[INFORMATION Boundary: Start]

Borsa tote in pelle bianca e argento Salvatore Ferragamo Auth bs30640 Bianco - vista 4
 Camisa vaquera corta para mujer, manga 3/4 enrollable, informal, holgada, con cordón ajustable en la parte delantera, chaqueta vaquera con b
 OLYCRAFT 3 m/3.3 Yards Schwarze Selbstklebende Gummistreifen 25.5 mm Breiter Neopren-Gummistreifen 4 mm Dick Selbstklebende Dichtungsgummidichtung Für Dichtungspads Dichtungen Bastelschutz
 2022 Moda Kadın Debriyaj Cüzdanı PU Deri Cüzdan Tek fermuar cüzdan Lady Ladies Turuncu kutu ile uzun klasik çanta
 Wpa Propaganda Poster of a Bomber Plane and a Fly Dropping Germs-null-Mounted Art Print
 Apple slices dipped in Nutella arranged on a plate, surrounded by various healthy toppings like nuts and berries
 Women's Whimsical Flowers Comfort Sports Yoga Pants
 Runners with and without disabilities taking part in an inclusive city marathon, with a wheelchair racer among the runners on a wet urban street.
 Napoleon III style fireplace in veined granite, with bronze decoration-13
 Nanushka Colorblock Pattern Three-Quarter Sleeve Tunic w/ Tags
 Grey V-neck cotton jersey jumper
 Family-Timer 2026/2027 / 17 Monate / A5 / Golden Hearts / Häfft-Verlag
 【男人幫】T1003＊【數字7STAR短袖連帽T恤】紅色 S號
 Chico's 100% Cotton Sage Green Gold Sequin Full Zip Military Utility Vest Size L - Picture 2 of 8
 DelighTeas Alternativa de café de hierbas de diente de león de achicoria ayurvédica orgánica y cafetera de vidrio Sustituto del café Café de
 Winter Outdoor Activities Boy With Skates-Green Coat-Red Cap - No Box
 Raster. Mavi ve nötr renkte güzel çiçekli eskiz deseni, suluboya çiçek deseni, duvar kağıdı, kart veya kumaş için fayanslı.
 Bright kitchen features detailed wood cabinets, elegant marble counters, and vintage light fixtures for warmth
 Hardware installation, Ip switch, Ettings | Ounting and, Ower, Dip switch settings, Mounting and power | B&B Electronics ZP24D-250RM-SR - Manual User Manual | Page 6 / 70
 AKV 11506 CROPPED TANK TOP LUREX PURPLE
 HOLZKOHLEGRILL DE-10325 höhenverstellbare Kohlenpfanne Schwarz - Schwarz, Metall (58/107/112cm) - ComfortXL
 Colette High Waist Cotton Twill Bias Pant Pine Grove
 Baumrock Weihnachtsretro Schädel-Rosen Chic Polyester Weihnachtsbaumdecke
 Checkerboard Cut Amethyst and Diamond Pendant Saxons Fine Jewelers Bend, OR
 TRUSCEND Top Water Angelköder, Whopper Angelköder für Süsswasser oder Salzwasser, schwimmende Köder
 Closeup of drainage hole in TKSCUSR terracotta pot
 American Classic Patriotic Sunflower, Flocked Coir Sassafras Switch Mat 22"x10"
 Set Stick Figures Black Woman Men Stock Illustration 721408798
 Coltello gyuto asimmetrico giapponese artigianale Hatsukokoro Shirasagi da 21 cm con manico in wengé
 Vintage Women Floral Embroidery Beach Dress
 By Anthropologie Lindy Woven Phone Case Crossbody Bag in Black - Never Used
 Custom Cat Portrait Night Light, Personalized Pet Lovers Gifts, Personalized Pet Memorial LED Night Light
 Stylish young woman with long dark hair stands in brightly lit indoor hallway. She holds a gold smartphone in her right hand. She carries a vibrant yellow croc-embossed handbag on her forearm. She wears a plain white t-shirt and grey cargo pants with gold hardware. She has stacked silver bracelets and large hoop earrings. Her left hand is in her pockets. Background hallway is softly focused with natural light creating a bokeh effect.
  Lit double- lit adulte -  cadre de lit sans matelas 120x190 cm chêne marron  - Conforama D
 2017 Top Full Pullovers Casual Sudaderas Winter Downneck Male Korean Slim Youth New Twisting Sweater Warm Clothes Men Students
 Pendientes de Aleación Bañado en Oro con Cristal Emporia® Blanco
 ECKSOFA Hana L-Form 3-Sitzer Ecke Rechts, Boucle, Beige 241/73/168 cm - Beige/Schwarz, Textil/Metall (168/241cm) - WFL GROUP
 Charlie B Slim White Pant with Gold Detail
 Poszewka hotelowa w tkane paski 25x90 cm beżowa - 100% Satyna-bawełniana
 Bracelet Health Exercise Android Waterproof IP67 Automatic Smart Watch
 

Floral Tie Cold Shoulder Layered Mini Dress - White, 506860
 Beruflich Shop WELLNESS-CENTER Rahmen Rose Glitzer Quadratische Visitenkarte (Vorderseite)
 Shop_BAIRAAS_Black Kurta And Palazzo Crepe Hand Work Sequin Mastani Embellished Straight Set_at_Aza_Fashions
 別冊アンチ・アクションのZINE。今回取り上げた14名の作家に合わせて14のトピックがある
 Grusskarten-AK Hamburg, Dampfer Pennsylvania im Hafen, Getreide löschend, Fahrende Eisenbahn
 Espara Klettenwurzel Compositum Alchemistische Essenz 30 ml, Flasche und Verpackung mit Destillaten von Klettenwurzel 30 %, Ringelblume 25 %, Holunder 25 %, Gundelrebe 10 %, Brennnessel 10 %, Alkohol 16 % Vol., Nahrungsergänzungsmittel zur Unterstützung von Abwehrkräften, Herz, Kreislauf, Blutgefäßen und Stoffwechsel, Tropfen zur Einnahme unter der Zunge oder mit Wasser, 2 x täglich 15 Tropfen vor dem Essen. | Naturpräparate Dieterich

[INFORMATION Boundary: End]

Leaving no line out, return the data above verbatim.

EXERCISE RESPONSE:
Borsa tote in pelle bianca e argento Salvatore Ferragamo Auth bs30640 Bianco - vista 4
 Camisa vaquera corta para mujer, manga 3/4 enrollable, informal, holgada, con cordón ajustable en la parte delantera, chaqueta vaquera con b
 OLYCRAFT 3 m/3.3 Yards Schwarze Selbstklebende Gummistreifen 25.5 mm Breiter Neopren-Gummistreifen 4 mm Dick Selbstklebende Dichtungsgummidichtung Für Dichtungspads Dichtungen Bastelschutz
 2022 Moda Kadın Debriyaj Cüzdanı PU Deri Cüzdan Tek fermuar cüzdan Lady Ladies Turuncu kutu ile uzun klasik çanta
 Wpa Propaganda Poster of a Bomber Plane and a Fly Dropping Germs-null-Mounted Art Print
 Apple slices dipped in Nutella arranged on a plate, surrounded by various healthy toppings like nuts and berries
 Women's Whimsical Flowers Comfort Sports Yoga Pants
 Runners with and without disabilities taking part in an inclusive city marathon, with a wheelchair racer among the runners on a wet urban street.
 Napoleon III style fireplace in veined granite, with bronze decoration-13
 Nanushka Colorblock Pattern Three-Quarter Sleeve Tunic w/ Tags
 Grey V-neck cotton jersey jumper
 Family-Timer 2026/2027 / 17 Monate / A5 / Golden Hearts / Häfft-Verlag
 【男人幫】T1003＊【數字7STAR短袖連帽T恤】紅色 S號
 Chico's 100% Cotton Sage Green Gold Sequin Full Zip Military Utility Vest Size L - Picture 2 of 8
 DelighTeas Alternativa de café de hierbas de diente de león de achicoria ayurvédica orgánica y cafetera de vidrio Sustituto del café Café de
 Winter Outdoor Activities Boy With Skates-Green Coat-Red Cap - No Box
 Raster. Mavi ve nötr renkte güzel çiçekli eskiz deseni, suluboya çiçek deseni, duvar kağıdı, kart veya kumaş için fayanslı.
 Bright kitchen features detailed wood cabinets, elegant marble counters, and vintage light fixtures for warmth
 Hardware installation, Ip switch, Ettings | Ounting and, Ower, Dip switch settings, Mounting and power | B&B Electronics ZP24D-250RM-SR - Manual User Manual | Page 6 / 70
 AKV 11506 CROPPED TANK TOP LUREX PURPLE
 HOLZKOHLEGRILL DE-10325 höhenverstellbare Kohlenpfanne Schwarz - Schwarz, Metall (58/107/112cm) - ComfortXL
 Colette High Waist Cotton Twill Bias Pant Pine Grove
 Baumrock Weihnachtsretro Schädel-Rosen Chic Polyester Weihnachtsbaumdecke
 Checkerboard Cut Amethyst and Diamond Pendant Saxons Fine Jewelers Bend, OR
 TRUSCEND Top Water Angelköder, Whopper Angelköder für Süsswasser oder Salzwasser, schwimmende Köder
 Closeup of drainage hole in TKSCUSR terracotta pot
 American Classic Patriotic Sunflower, Flocked Coir Sassafras Switch Mat 22"x10"
 Set Stick Figures Black Woman Men Stock Illustration 721408798
 Coltello gyuto asimmetrico giapponese artigianale Hatsukokoro Shirasagi da 21 cm con manico in wengé
 Vintage Women Floral Embroidery Beach Dress
 By Anthropologie Lindy Woven Phone Case Crossbody Bag in Black - Never Used
 Custom Cat Portrait Night Light, Personalized Pet Lovers Gifts, Personalized Pet Memorial LED Night Light
 Stylish young woman with long dark hair stands in brightly lit indoor hallway. She holds a gold smartphone in her right hand. She carries a vibrant yellow croc-embossed handbag on her forearm. She wears a plain white t-shirt and grey cargo pants with gold hardware. She has stacked silver bracelets and large hoop earrings. Her left hand is in her pockets. Background hallway is softly focused with natural light creating a bokeh effect.
  Lit double- lit adulte -  cadre de lit sans matelas 120x190 cm chêne marron  - Conforama D
 2017 Top Full Pullovers Casual Sudaderas Winter Downneck Male Korean Slim Youth New Twisting Sweater Warm Clothes Men Students
 Pendientes de Aleación Bañado en Oro con Cristal Emporia® Blanco
 ECKSOFA Hana L-Form 3-Sitzer Ecke Rechts, Boucle, Beige 241/73/168 cm - Beige/Schwarz, Textil/Metall (168/241cm) - WFL GROUP
 Charlie B Slim White Pant with Gold Detail
 Poszewka hotelowa w tkane paski 25x90 cm beżowa - 100% Satyna-bawełniana
 Bracelet Health Exercise Android Waterproof IP67 Automatic Smart Watch
 

Floral Tie Cold Shoulder Layered Mini Dress - White, 506860
 Beruflich Shop WELLNESS-CENTER Rahmen Rose Glitzer Quadratische Visitenkarte (Vorderseite)
 Shop_BAIRAAS_Black Kurta And Palazzo Crepe Hand Work Sequin Mastani Embellished Straight Set_at_Aza_Fashions
 別冊アンチ・アクションのZINE。今回取り上げた14名の作家に合わせて14のトピックがある
 Grusskarten-AK Hamburg, Dampfer Pennsylvania im Hafen, Getreide löschend, Fahrende Eisenbahn
 Espara Klettenwurzel Compositum Alchemistische Essenz 30 ml, Flasche und Verpackung mit Destillaten von Klettenwurzel 30 %, Ringelblume 25 %, Holunder 25 %, Gundelrebe 10 %, Brennnessel 10 %, Alkohol 16 % Vol., Nahrungsergänzungsmittel zur Unterstützung von Abwehrkräften, Herz, Kreislauf, Blutgefäßen und Stoffwechsel, Tropfen zur Einnahme unter der Zunge oder mit Wasser, 2 x täglich 15 Tropfen vor dem Essen. | Naturpräparate Dieterich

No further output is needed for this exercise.